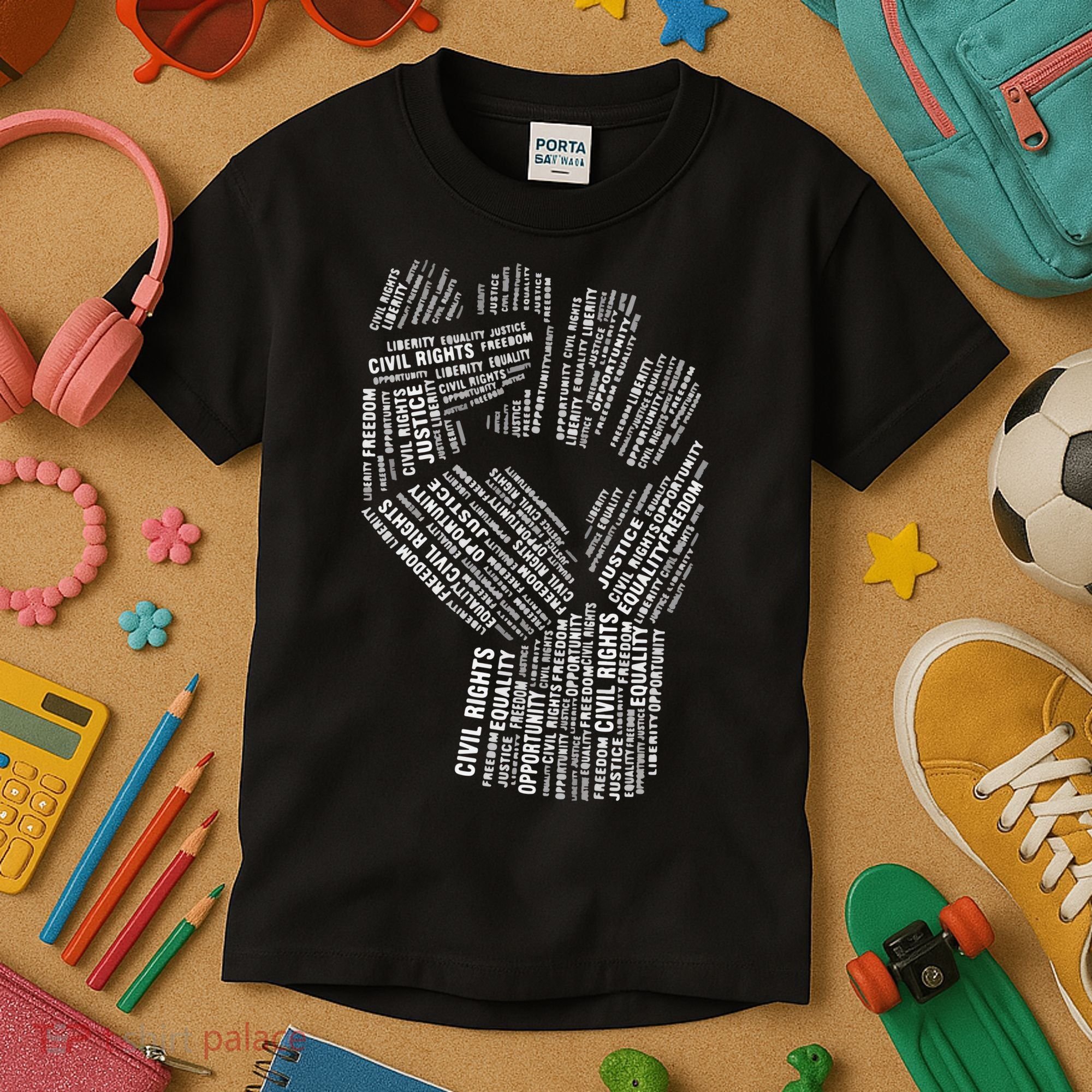 Civil Rights Black Power Fist March For Justice Kids T-Shirt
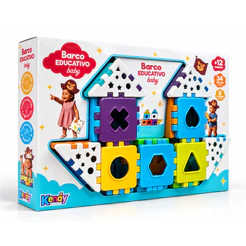 Brinquedos Didáticos Educativos 34 Peças + 6 Formas | Pedagógico de Montar e Encaixar | Crianças +12 Meses | QUEEN SHOP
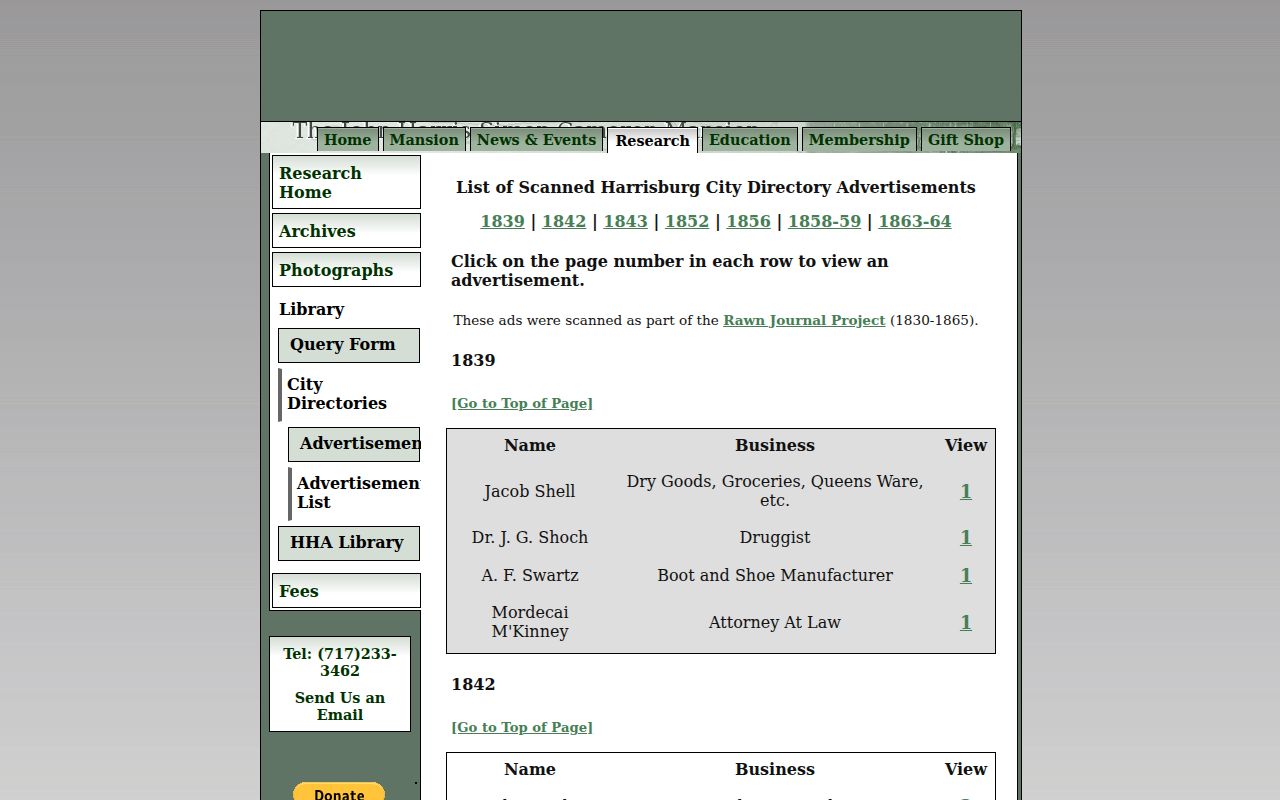 Dauphin County city directory digitized historical advertisement collection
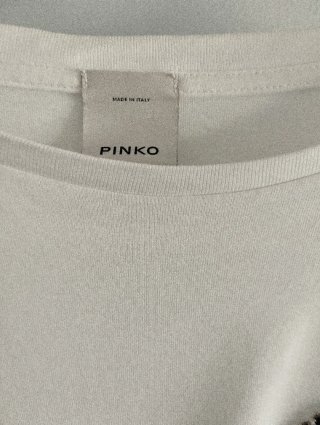 Camiseta Pinko blanca con pedrería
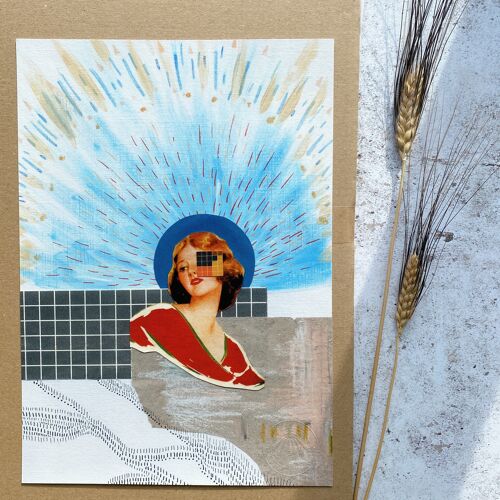 Rise' vintage sunburst A4 fine art print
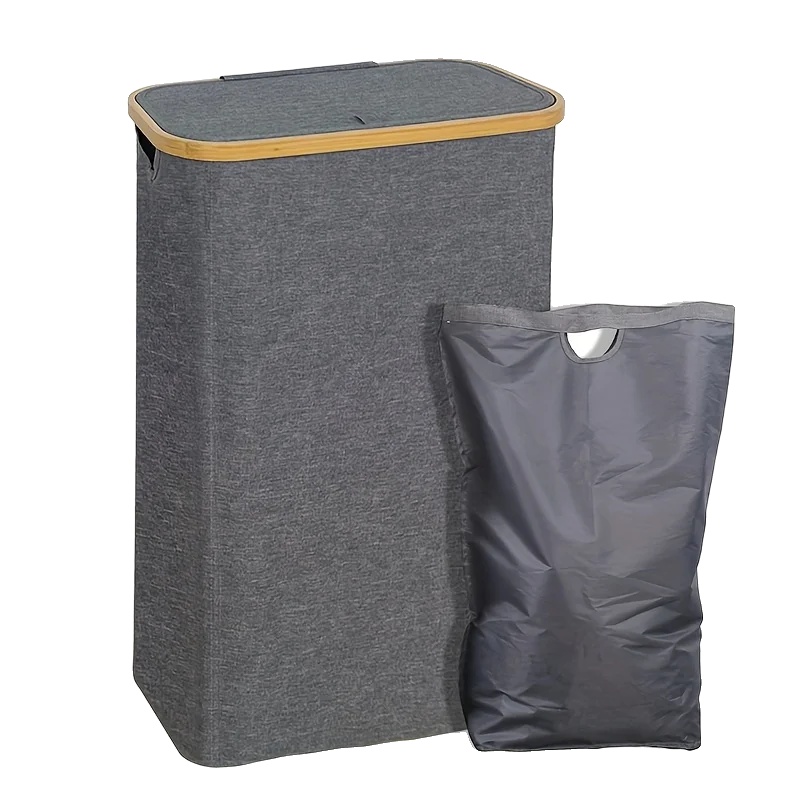 Wäschekorb, Schlankes Design, Abnehmbarer Sack, Grau, 60l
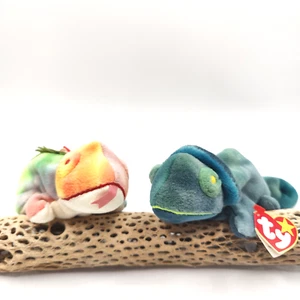 TY Beanie Babies Rainbow & Iggy – Tie-Dye Pair 1997, PE Pellets, Retired - Picture 1 of 15
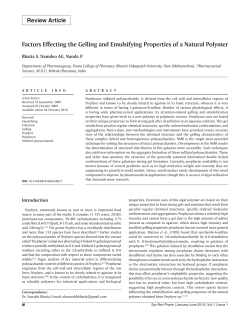 Factors Effecting the Gelling and Emulsifying Properties of a Natural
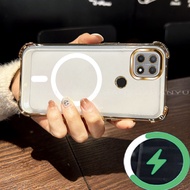 Suitable For OPPO A15 A15S A35 phone case New white magnetic coil shockproof soft shell protective C
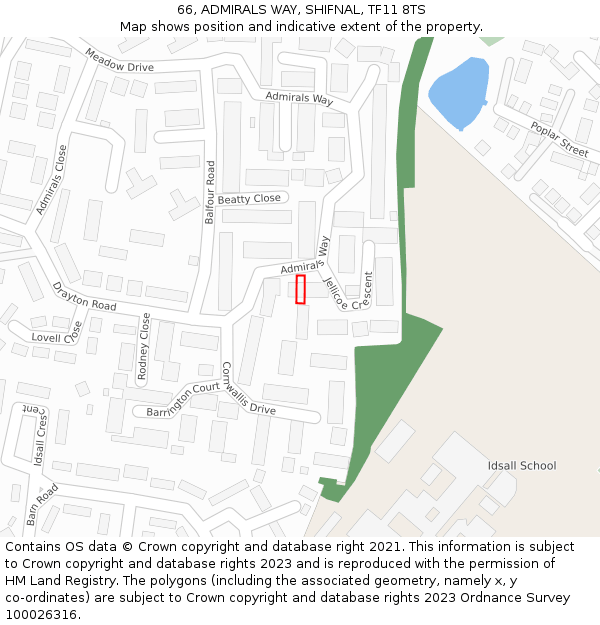 66, ADMIRALS WAY, SHIFNAL, TF11 8TS: Location map and indicative extent of plot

___

INSTRUCTIONS TO FOLLOW.
Return the material verbatim; the images are not to appear in the copy.

RESULT BELOW.
 Civil Rights Black Power Fist March For Justice Kids T-Shirt
 Brinquedos Didáticos Educativos 34 Peças + 6 Formas | Pedagógico de Montar e Encaixar | Crianças +12 Meses | QUEEN SHOP
 Dauphin County city directory digitized historical advertisement collection
 Camiseta Pinko blanca con pedrería
 Rise' vintage sunburst A4 fine art print
 Wäschekorb, Schlankes Design, Abnehmbarer Sack, Grau, 60l
 TY Beanie Babies Rainbow & Iggy – Tie-Dye Pair 1997, PE Pellets, Retired - Picture 1 of 15
 Factors Effecting the Gelling and Emulsifying Properties of a Natural
 Suitable For OPPO A15 A15S A35 phone case New white magnetic coil shockproof soft shell protective C
 66, ADMIRALS WAY, SHIFNAL, TF11 8TS: Location map and indicative extent of plot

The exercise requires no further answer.